=== SOURCE MATERIAL ===
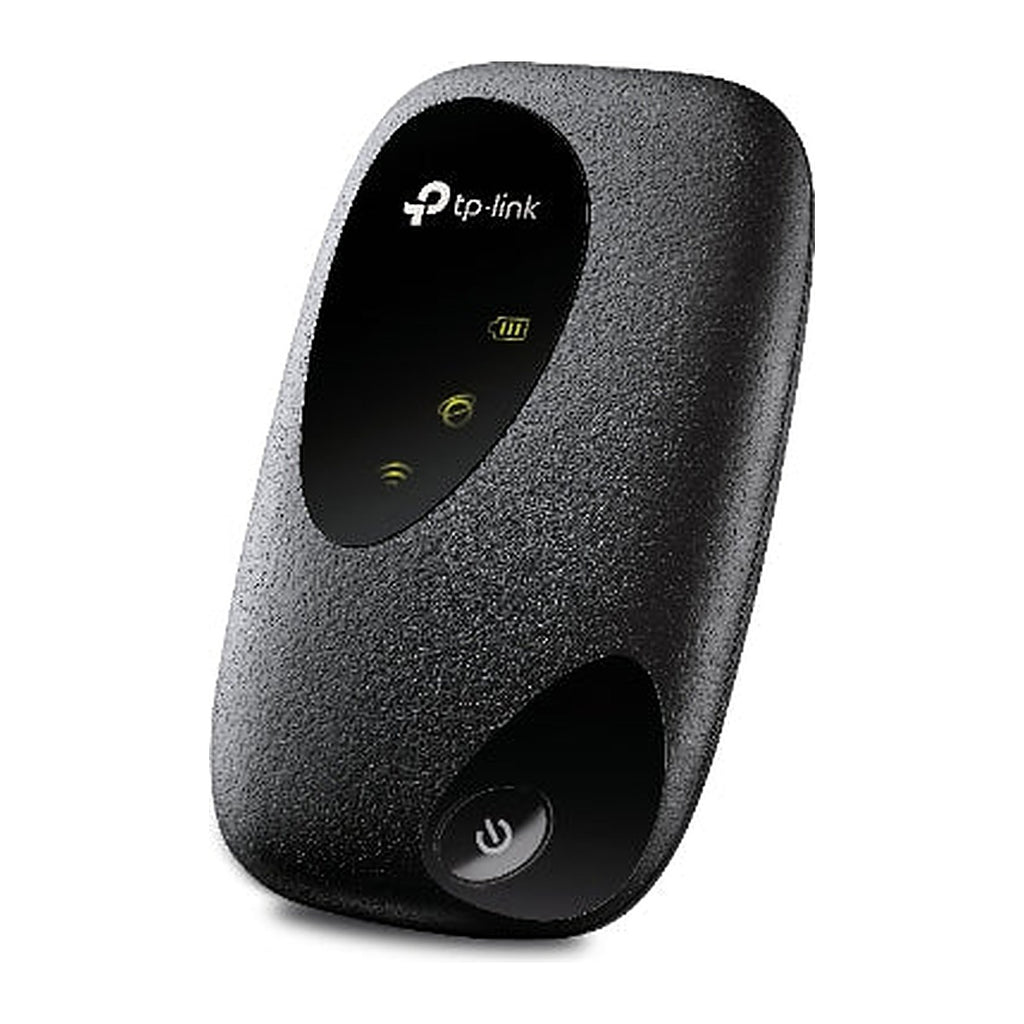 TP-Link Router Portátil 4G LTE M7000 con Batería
===
=== SOURCE MATERIAL ===
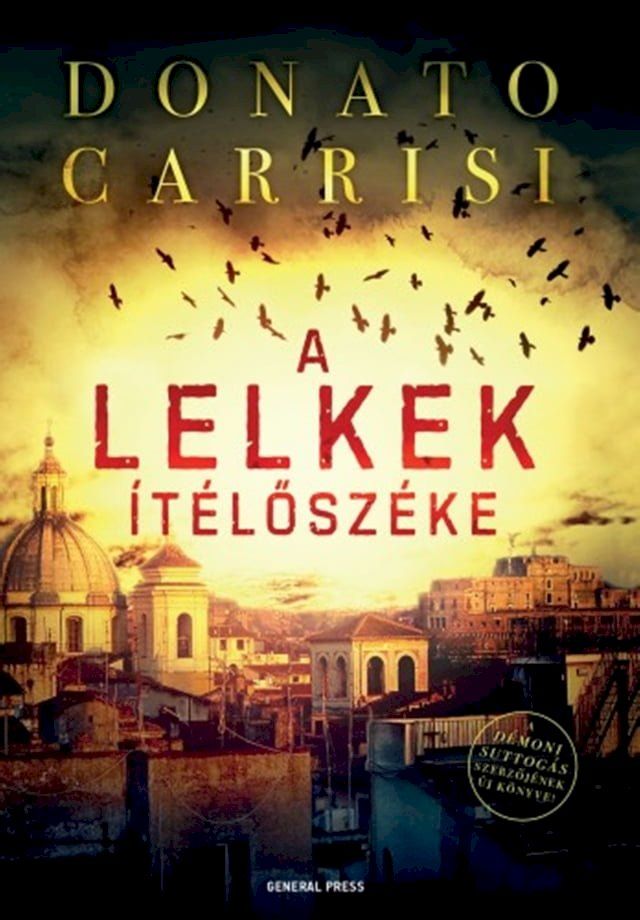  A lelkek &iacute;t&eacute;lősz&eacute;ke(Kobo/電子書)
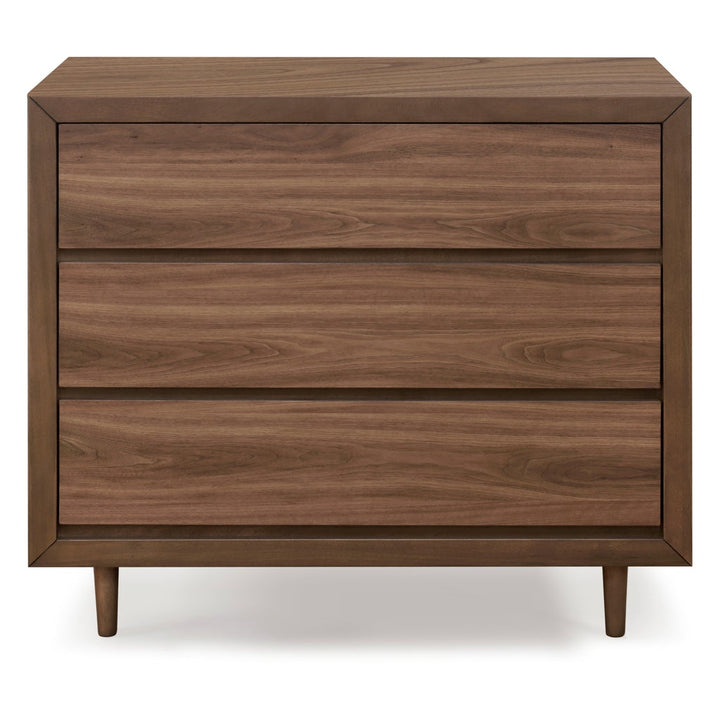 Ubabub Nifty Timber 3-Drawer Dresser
===
Reproduce exactly the lines above starting at the line containing "A lelkek &iacute;t&eacute;lősz&eacute;ke(Kobo/電子書)" and ending at the line containing "Ubabub Nifty Timber 3-Drawer Dresser", including both, but not the pictures.

  A lelkek &iacute;t&eacute;lősz&eacute;ke(Kobo/電子書)
 Ubabub Nifty Timber 3-Drawer Dresser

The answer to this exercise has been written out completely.